Over my career as a neuroscientist and neuropsychiatrist, I've become convinced that our brain's organization and functional activity powerfully influence our judgments and conclusions about topics traditionally explored by philosophers. Included among these topics are time, cause-effect, simultaneity, perception, logic, and free will. Our understanding of these concepts can be greatly enriched by taking into account several important recent discoveries from neuroscience. Consider, for instance, how our spatial experience influences how we think about time.
Imagine that you've just received this email: "Next Wednesday's staff meeting has been moved forward two days" On what day would you appear for the meeting now that it has been rescheduled?
Your selection of either Monday or Friday is determined by whether you are operating under what psychologist and neuroscientist Lera Boroditsky terms an ego-moving perspective or a time-moving perspective. If you think of yourself as moving forward through time (the ego-moving perspective), then moving the meeting forward means moving it in your direction of motion--from Wednesday to Friday. But if you conceive of time as coming toward you (the time-moving perspective), then moving the meeting forward means moving it closer to you--from Wednesday to Monday.
During her tenure at MIT's Department of Brain & Cognitive Sciences, Boroditsky put that "moved forward" question to hundreds of people under varying circumstances. She discovered that the answers depended very much on what people were doing when they were questioned. People who had traveled to an airport to pick up an arriving passenger were about equally likely to pick Monday or Friday. In contrast, the arriving passengers, having experienced themselves during their flight as moving forward from their initial to their final destination, overwhelmingly selected Friday.
Boroditsky's experiment suggests that our brain's processing of time is closely coupled with how we envision ourselves in space. To see this, simply substitute the word push for move and the sentence becomes disambiguated: "Next Wednesday's staff meeting has been pushed forward two days." While moved can refer to movement in several different directions depending on one's perspective, pushed nearly always implies movement in a forward direction. When we push something, we use the muscles of our arms and trunk to propel the object away from us in a forward direction.

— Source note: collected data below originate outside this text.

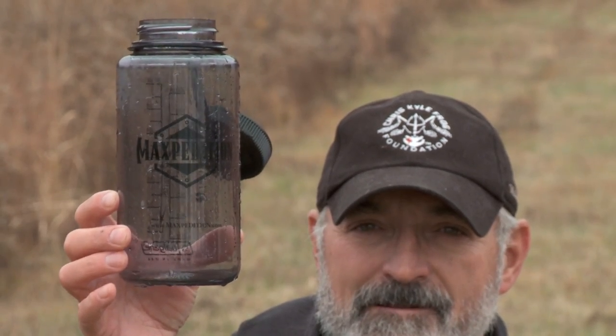The human body can only sustain itself for three to four days without water, and that's dependent upon the terrain you're in, your operating climate, and how physically fit you are. So it's vital if you're in a survival situation, you've got to find a water source. If you find yourself in an environment where it's hot during the day and cool at night, one of the most viable water sources will be the morning condensation — the morning dew.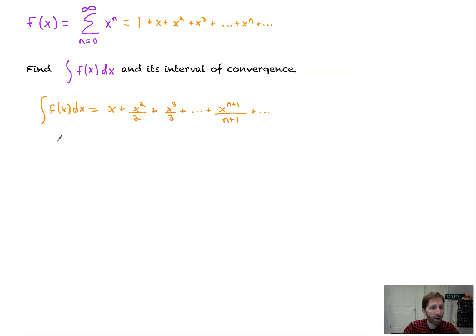What is its interval of convergence? We know it's going to be between negative 1 and 1, but we need to test our endpoints. If we plug in negative 1, we get the series with negative 1 to the n+1 over (n+1) — an alternating harmonic series, which converges. If we plug in positive 1, we get the series with 1 to the n+1 over (n+1), which is just 1 over (n+1) — a diverging harmonic series. So we include the left-hand endpoint but not 1. The interval of convergence for the integral is [-1, 1).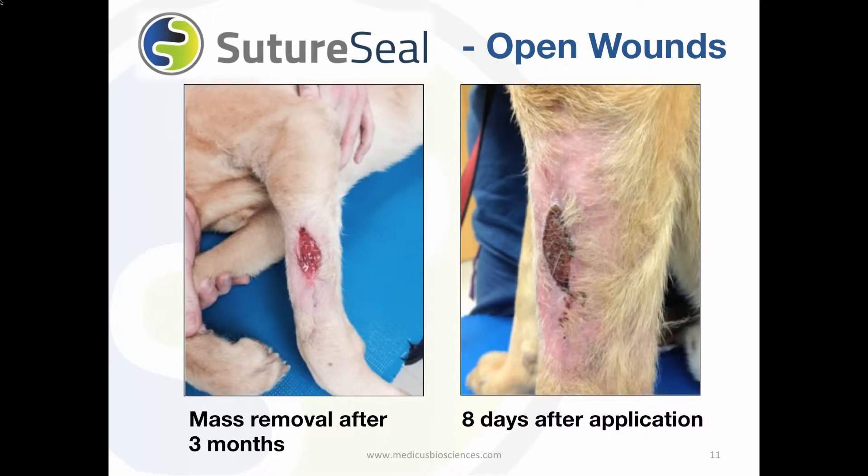In the liquid form, SutureSeal soaks into the pores and tissue. An animal can lick off the excess bandage on the surface, but licking and chewing cannot disturb the polymer that has soaked in under the surface.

The linking of spatial motion to our understanding of time comes as a surprise to anyone familiar with our brain's organization. Spatial and temporal information are processed differently within the brain. The frontal and parietal lobes, important in spatial processing, are located, respectively, behind the forehead and toward the top of the skull. Temporal information, in contrast, doesn't really have a clearly defined location in the brain.
But Albert Einstein wouldn't be surprised at Boroditsky's findings. As he famously established, time's passage depends on the location and circumstances of time measurement.
A time discrepancy between clock time and subjective time can be demonstrated in the laboratory. If I ask you to press a button and hold it for exactly five seconds, your response may vary by as much as 20 percent from one testing to another. If I ask you to hold the button for 50 seconds, you will on average do so within a range of 40 or 60 seconds--again a variation of 20 percent.
Attention is the most important variable influencing our appreciation of the passage of time. The closer attention we pay to it the slower it seems to go (a "watched pot never boils"). But there's a paradox here. While we may experience the passage of time as agonizingly slow when we're doing something like waiting for a pot to boil or sitting in a doctor's waiting room, we're likely to underestimate rather than overestimate the duration when we're later asked to guess how much time actually passed.
In an experiment illustrating this, people watching an action movie experienced time passing faster than people sitting in a waiting room. No surprise here. Yet when the two groups were later asked to estimate how much time had actually passed during these two experiences, the results were surprising. Despite their subjective feeling that time had passed quickly, the movie watchers later estimated their elapsed time at about 10 percent longer than the waiting-room group.
The explanation for such paradoxical findings, according to John Wearden of Keele University in Staffordshire, is that the two groups based their time assessment on the amount of information processed by their brains. In the waiting room, not much was happening and time seemed to drag on. But later, the time span seemed shorter because not much had happened and as a result little information was processed. For the viewers of...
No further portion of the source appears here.